Your goal —
Would you print only the lines running from the one with "photos-that-will-make-your-stomach-drop-21" to the final line of the data below, word for word and without pictures?

Dataset content —

'''

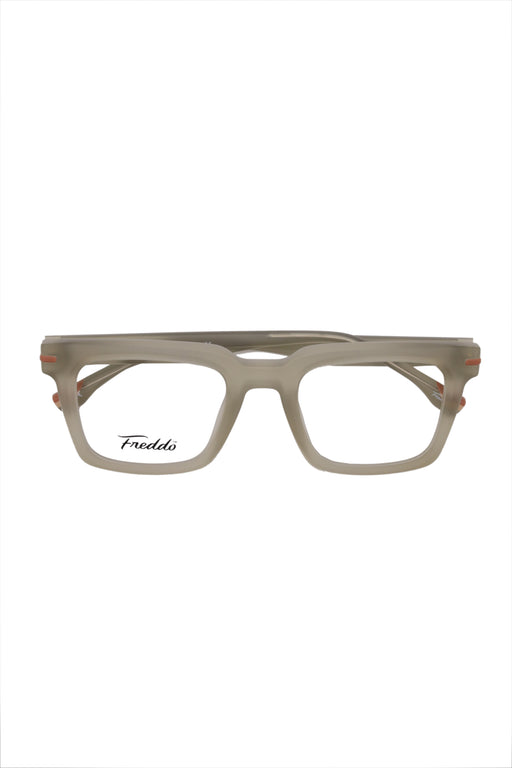 EDGE Eyeglasses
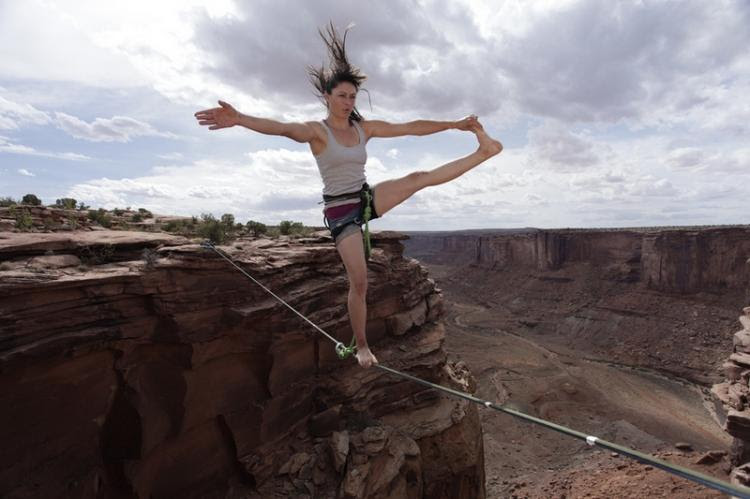 photos-that-will-make-your-stomach-drop-21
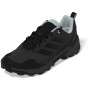 Damskie buty turystyczne Adidas Terrex Eastrail 3 C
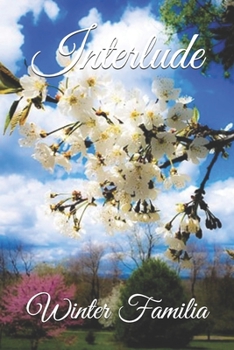 Paperback Interlude Book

'''

Output below —
 photos-that-will-make-your-stomach-drop-21
 Damskie buty turystyczne Adidas Terrex Eastrail 3 C
 Paperback Interlude Book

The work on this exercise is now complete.